Geçinemiyor. Ek işler yapıyor; konserler, ders vermenin yanında
bir Jazz Club’ta cuma ve cumartesi akşamları
çalıyor. Bir gece…
Hoş bir
bayan piyanonun yanına geliyor Fazıl Say’a teklifte
bulunuyor:
-“Ben Berlin Hilton’un halkla ilişkiler müdürüyüm, yılbaşı
gecesi projem var, tüm Hilton Oteli,
‘Casablanca’ filmi konseptinde donatıyorum:
Humphrey Bogart, Ingrid Bergman heykelleri,
dev fotoğraflar, Casablanca uçağı vs. Berlin’i aradım
taradım, tek bir siyahi
piyanist bulamadım. Filmin önemli sahnesidir,
‘Play again Sam’, (Tekrar çal Sam) şarkısı.
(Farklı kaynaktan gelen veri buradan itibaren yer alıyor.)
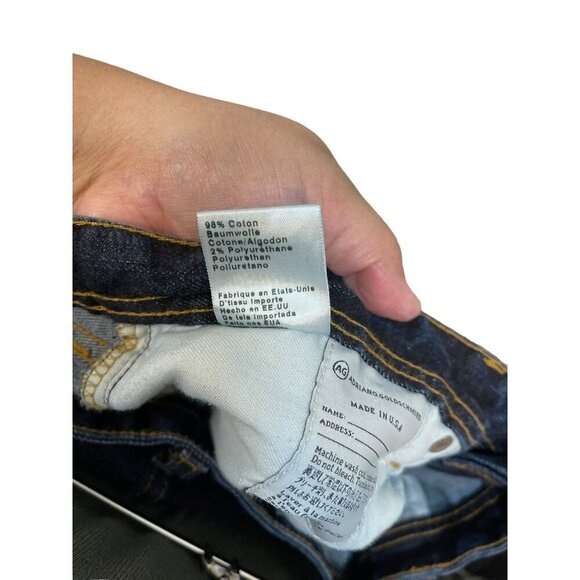 AG Adriano Goldschmied Men's The Protégé Straight Leg Denim Jeans Pants 36x28 - Picture 8 of 11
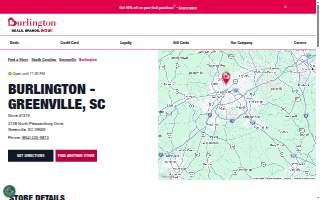 Burlington of Greenville website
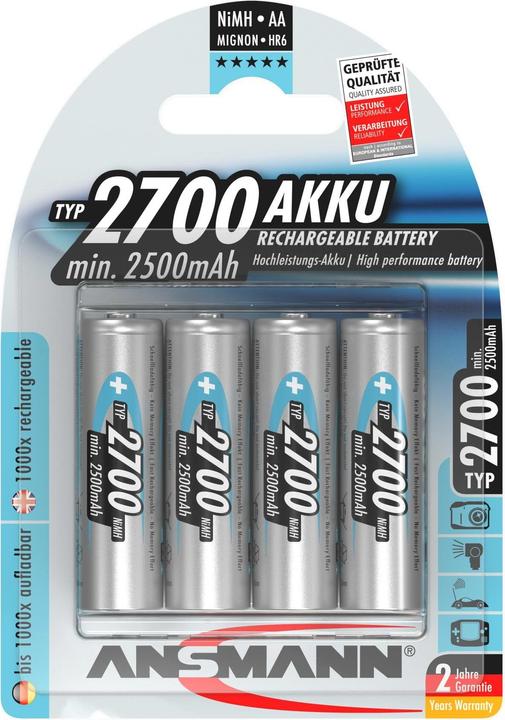 Ansmann Premium (4 pz., AA, 2500 mAh)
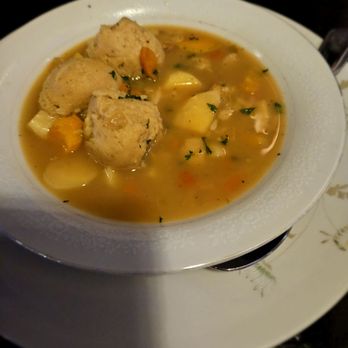 Heritage Restaurant & Caviar Bar - Homemade matzoball soup w/smoked turkey. Wow! Full of flavor and warm comfort on a cold winter night - Seafood Near Me - Chicago, Illinois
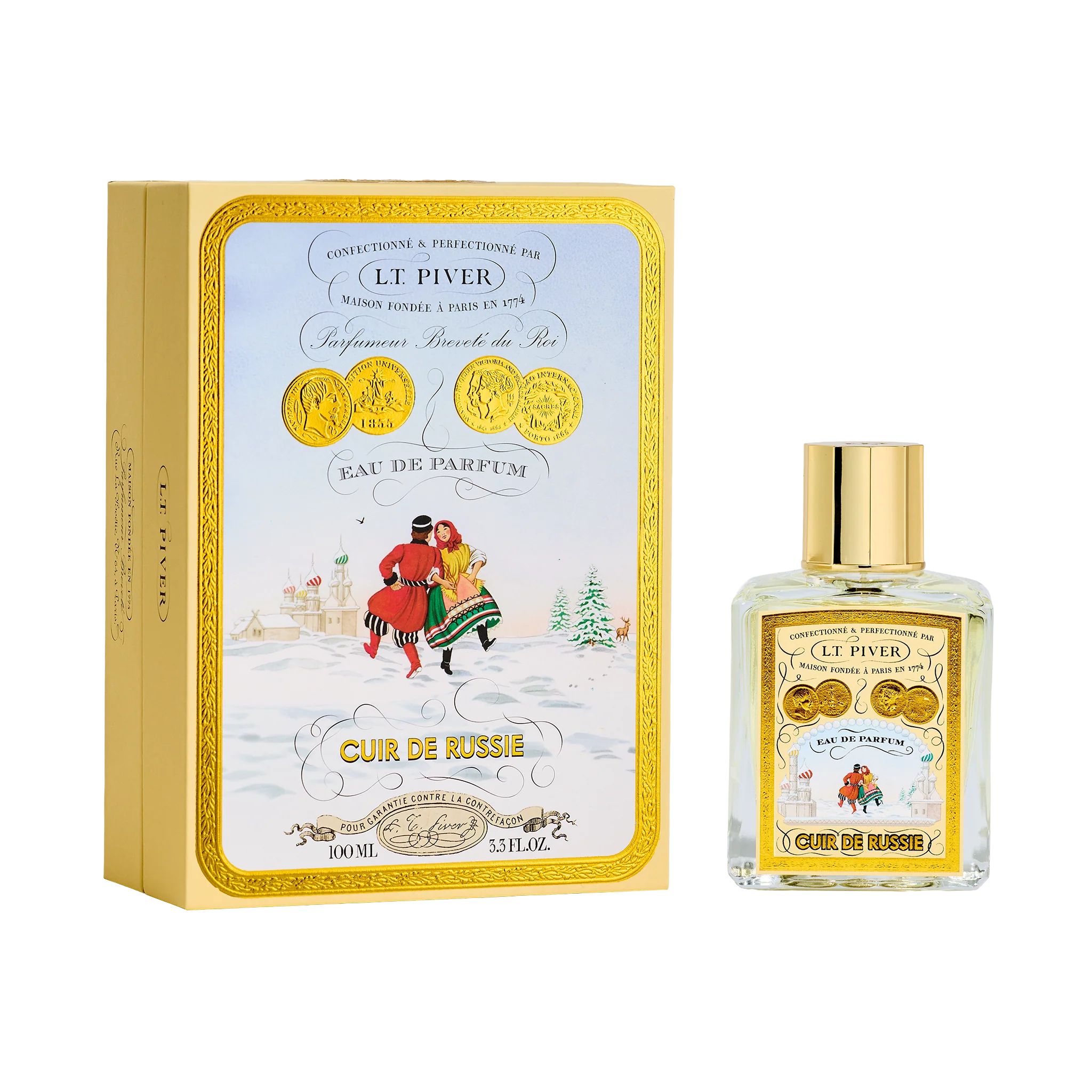 L.T. Piver Cuir De Russie Eau de Parfum 100ml - Image 2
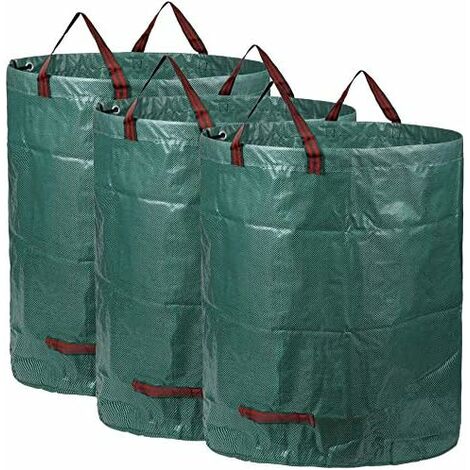 3-pack 300l Gallon Reusable Garden Waste Sacks- Heavy Duty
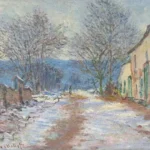 Claude Monet Snow Effect at Limetz Poster 1886 Wall Art Painting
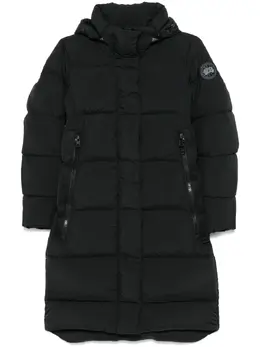 Canada Goose: Чёрный пуховик 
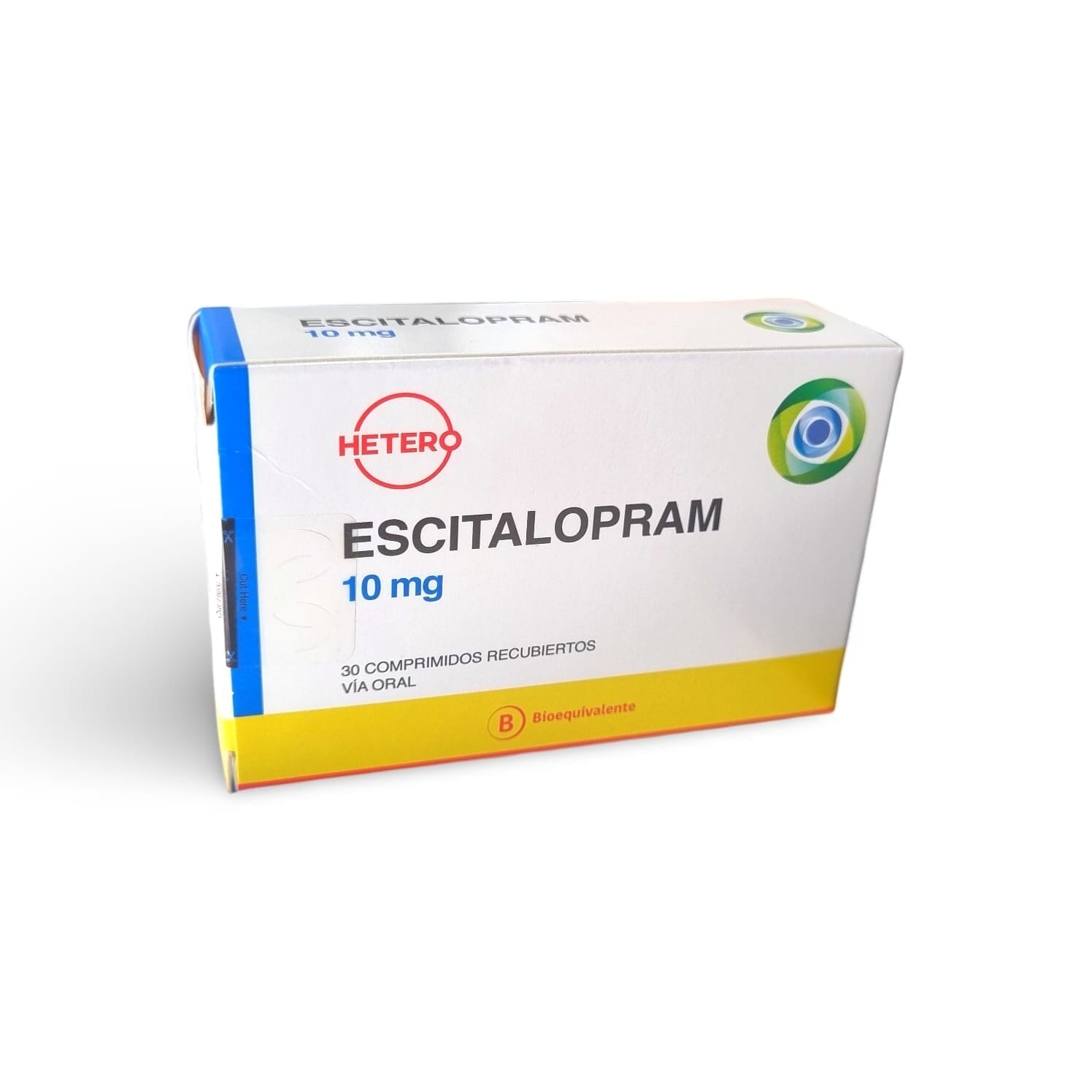 Escitalopram 10 mg x 30 Comprimidos Recubiertos "Ley Cenabast" Farmex-Pluxee-Persistente 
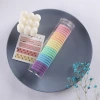 24 towels per can, hair tie, macaron-colored hair tie, high elasticity, no damage to hair, children's hair tie, hair accessory details Picture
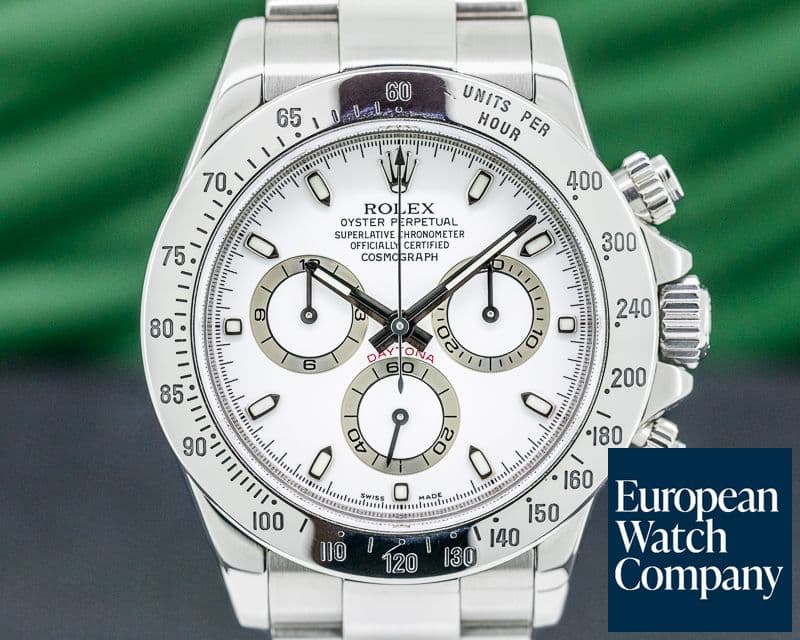 Image of Rolex Daytona 116520 White Dial SS 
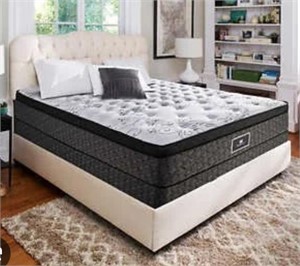 Queen Sized Sealy Atwater Mattress & Boxspring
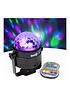  image of rockjam-rechargeable-wireless-party-lights-6watt-led-sound-activated-disco-ball-with-remote-control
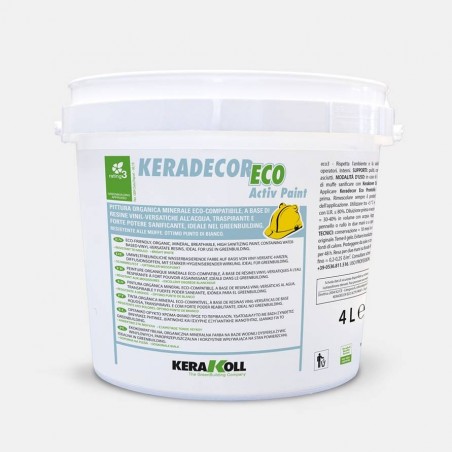 Keradecor Eco Activ Paint Bianco Kerakoll Pittura Sanificante, Traspirante E Antimuffa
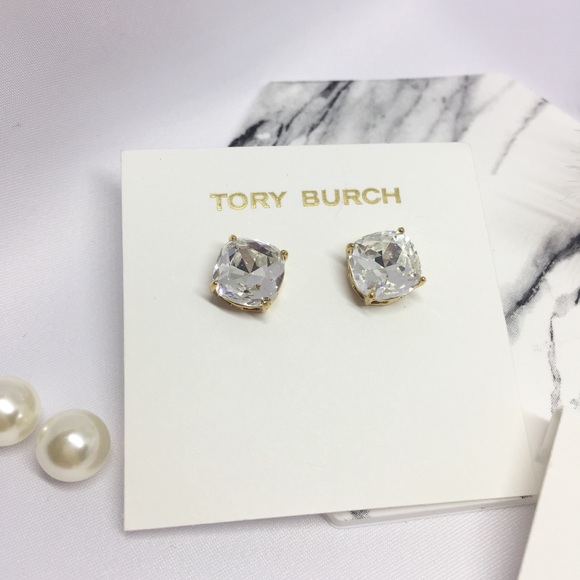 Tory Burch Jewelry - Tory Burch Crystal Stud Earrings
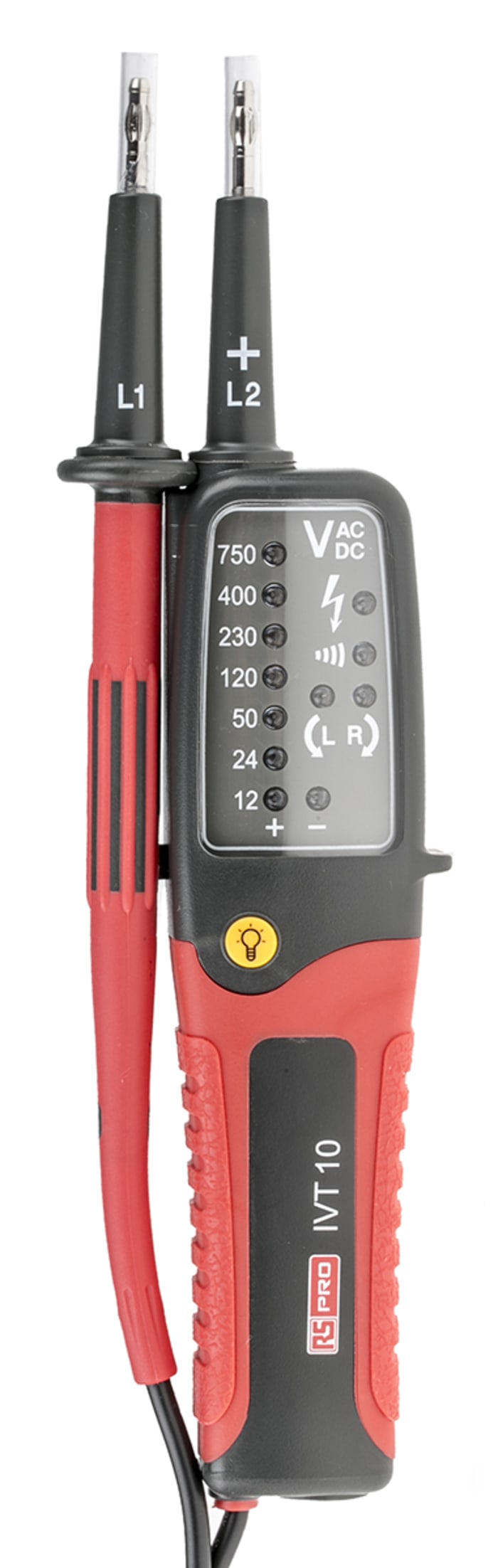 Détecteur de tension RS PRO IVT-10 750V c.a. / V c.c. max CAT III 750V, IP65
Sam da sürekli ‘As time goes bye’ şarkısını çalar hep. Siz bütün
gece, saat akşam 6’dan sabah beşe kadar hep aynı şarkıyı,
çalacaksınız. Siz bu işi yapar mısınız. Ama kendinizi boyamanız
lazım, siyahi olmanız için…”
Bu anıyı hoş sohbetiyle Fazıl’dan dinlemelisiniz. Sonuçta Fazıl
geceye gidiyor sabaha kadar aynı şarkıyı çalıyor; ama kendini
siyaha boyama konusunda sorun yaşıyor, boyayamıyor!